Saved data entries
◆ ◆ ◆ ◆ ◆ ◆ ◆
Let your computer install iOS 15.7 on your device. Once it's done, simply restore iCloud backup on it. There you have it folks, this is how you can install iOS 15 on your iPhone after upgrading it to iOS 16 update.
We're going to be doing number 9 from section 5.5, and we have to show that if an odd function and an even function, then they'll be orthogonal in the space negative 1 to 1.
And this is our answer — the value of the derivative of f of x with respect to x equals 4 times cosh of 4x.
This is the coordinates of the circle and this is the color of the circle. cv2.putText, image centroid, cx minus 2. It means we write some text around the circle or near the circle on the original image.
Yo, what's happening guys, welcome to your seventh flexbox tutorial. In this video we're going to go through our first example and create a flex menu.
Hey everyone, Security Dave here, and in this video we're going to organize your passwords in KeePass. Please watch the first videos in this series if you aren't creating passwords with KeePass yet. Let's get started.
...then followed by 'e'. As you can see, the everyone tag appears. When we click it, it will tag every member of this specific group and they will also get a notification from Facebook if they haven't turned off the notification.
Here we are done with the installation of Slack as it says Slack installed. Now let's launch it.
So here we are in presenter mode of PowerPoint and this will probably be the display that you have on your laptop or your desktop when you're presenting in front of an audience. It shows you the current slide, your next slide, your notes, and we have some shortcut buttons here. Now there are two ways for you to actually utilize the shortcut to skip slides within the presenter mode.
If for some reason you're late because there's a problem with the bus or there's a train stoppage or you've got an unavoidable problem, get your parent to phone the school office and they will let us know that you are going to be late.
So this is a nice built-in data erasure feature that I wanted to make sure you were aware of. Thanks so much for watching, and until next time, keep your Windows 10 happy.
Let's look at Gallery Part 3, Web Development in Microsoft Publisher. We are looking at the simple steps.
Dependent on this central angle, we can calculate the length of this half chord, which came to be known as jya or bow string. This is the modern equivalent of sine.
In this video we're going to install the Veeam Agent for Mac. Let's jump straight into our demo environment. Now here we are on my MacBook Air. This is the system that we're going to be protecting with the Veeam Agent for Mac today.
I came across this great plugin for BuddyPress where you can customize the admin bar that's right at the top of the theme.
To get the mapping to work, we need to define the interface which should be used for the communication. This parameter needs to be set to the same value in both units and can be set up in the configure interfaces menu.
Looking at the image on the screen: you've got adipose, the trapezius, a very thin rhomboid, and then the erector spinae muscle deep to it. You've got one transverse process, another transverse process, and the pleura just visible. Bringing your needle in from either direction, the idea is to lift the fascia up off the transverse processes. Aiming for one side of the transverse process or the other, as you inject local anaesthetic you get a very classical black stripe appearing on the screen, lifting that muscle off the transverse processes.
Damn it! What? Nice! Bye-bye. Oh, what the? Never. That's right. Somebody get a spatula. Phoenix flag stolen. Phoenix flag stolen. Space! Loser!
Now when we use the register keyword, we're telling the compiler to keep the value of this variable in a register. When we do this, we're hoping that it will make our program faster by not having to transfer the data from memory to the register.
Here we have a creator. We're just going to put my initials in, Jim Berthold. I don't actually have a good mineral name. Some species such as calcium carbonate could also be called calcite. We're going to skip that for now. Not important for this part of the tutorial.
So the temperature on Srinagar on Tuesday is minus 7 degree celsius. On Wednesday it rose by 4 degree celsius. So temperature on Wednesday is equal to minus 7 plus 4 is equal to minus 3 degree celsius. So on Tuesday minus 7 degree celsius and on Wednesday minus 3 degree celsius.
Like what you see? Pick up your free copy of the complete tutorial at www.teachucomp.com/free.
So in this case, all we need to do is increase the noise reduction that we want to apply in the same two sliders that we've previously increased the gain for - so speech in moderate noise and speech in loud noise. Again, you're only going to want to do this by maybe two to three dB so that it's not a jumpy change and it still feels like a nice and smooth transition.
◆ ◆ ◆ ◆ ◆ ◆ ◆
#### HOW TO COMPLETE THIS TASK
Your answer should be the data above, retyped exactly.

#### OUTPUT FOR THIS TASK
Let your computer install iOS 15.7 on your device. Once it's done, simply restore iCloud backup on it. There you have it folks, this is how you can install iOS 15 on your iPhone after upgrading it to iOS 16 update.
We're going to be doing number 9 from section 5.5, and we have to show that if an odd function and an even function, then they'll be orthogonal in the space negative 1 to 1.
And this is our answer — the value of the derivative of f of x with respect to x equals 4 times cosh of 4x.
This is the coordinates of the circle and this is the color of the circle. cv2.putText, image centroid, cx minus 2. It means we write some text around the circle or near the circle on the original image.
Yo, what's happening guys, welcome to your seventh flexbox tutorial. In this video we're going to go through our first example and create a flex menu.
Hey everyone, Security Dave here, and in this video we're going to organize your passwords in KeePass. Please watch the first videos in this series if you aren't creating passwords with KeePass yet. Let's get started.
...then followed by 'e'. As you can see, the everyone tag appears. When we click it, it will tag every member of this specific group and they will also get a notification from Facebook if they haven't turned off the notification.
Here we are done with the installation of Slack as it says Slack installed. Now let's launch it.
So here we are in presenter mode of PowerPoint and this will probably be the display that you have on your laptop or your desktop when you're presenting in front of an audience. It shows you the current slide, your next slide, your notes, and we have some shortcut buttons here. Now there are two ways for you to actually utilize the shortcut to skip slides within the presenter mode.
If for some reason you're late because there's a problem with the bus or there's a train stoppage or you've got an unavoidable problem, get your parent to phone the school office and they will let us know that you are going to be late.
So this is a nice built-in data erasure feature that I wanted to make sure you were aware of. Thanks so much for watching, and until next time, keep your Windows 10 happy.
Let's look at Gallery Part 3, Web Development in Microsoft Publisher. We are looking at the simple steps.
Dependent on this central angle, we can calculate the length of this half chord, which came to be known as jya or bow string. This is the modern equivalent of sine.
In this video we're going to install the Veeam Agent for Mac. Let's jump straight into our demo environment. Now here we are on my MacBook Air. This is the system that we're going to be protecting with the Veeam Agent for Mac today.
I came across this great plugin for BuddyPress where you can customize the admin bar that's right at the top of the theme.
To get the mapping to work, we need to define the interface which should be used for the communication. This parameter needs to be set to the same value in both units and can be set up in the configure interfaces menu.
Looking at the image on the screen: you've got adipose, the trapezius, a very thin rhomboid, and then the erector spinae muscle deep to it. You've got one transverse process, another transverse process, and the pleura just visible. Bringing your needle in from either direction, the idea is to lift the fascia up off the transverse processes. Aiming for one side of the transverse process or the other, as you inject local anaesthetic you get a very classical black stripe appearing on the screen, lifting that muscle off the transverse processes.
Damn it! What? Nice! Bye-bye. Oh, what the? Never. That's right. Somebody get a spatula. Phoenix flag stolen. Phoenix flag stolen. Space! Loser!
Now when we use the register keyword, we're telling the compiler to keep the value of this variable in a register. When we do this, we're hoping that it will make our program faster by not having to transfer the data from memory to the register.
Here we have a creator. We're just going to put my initials in, Jim Berthold. I don't actually have a good mineral name. Some species such as calcium carbonate could also be called calcite. We're going to skip that for now. Not important for this part of the tutorial.
So the temperature on Srinagar on Tuesday is minus 7 degree celsius. On Wednesday it rose by 4 degree celsius. So temperature on Wednesday is equal to minus 7 plus 4 is equal to minus 3 degree celsius. So on Tuesday minus 7 degree celsius and on Wednesday minus 3 degree celsius.
Like what you see? Pick up your free copy of the complete tutorial at www.teachucomp.com/free.
So in this case, all we need to do is increase the noise reduction that we want to apply in the same two sliders that we've previously increased the gain for - so speech in moderate noise and speech in loud noise. Again, you're only going to want to do this by maybe two to three dB so that it's not a jumpy change and it still feels like a nice and smooth transition.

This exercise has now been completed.